What is wanted is the full listing, word for word, without its pictures.

[COLLECTED MATERIAL — start]

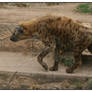 Spotted Hyena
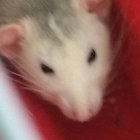 Ombekende thumbnail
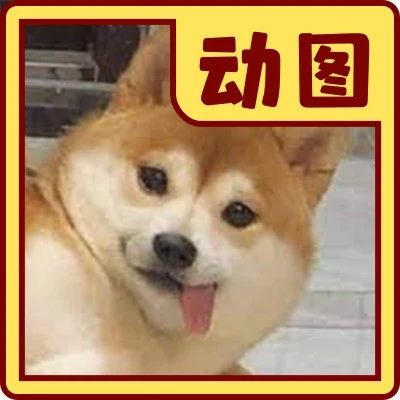 他好像真的娶到自己心爱的人了｜10大动图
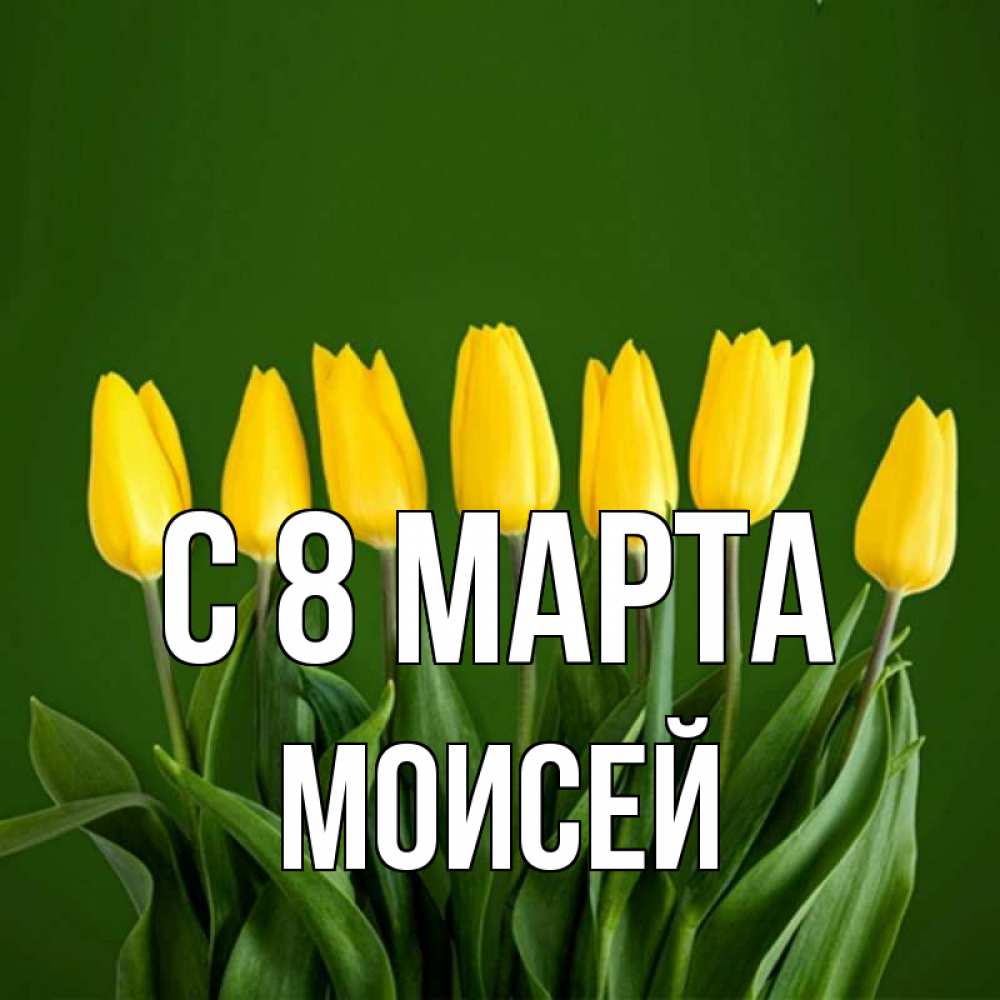 Картинка С 8 марта, Моисей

[COLLECTED MATERIAL — finish]

THE COMPLETED TASK:
 Spotted Hyena
 Ombekende thumbnail
 他好像真的娶到自己心爱的人了｜10大动图
 Картинка С 8 марта, Моисей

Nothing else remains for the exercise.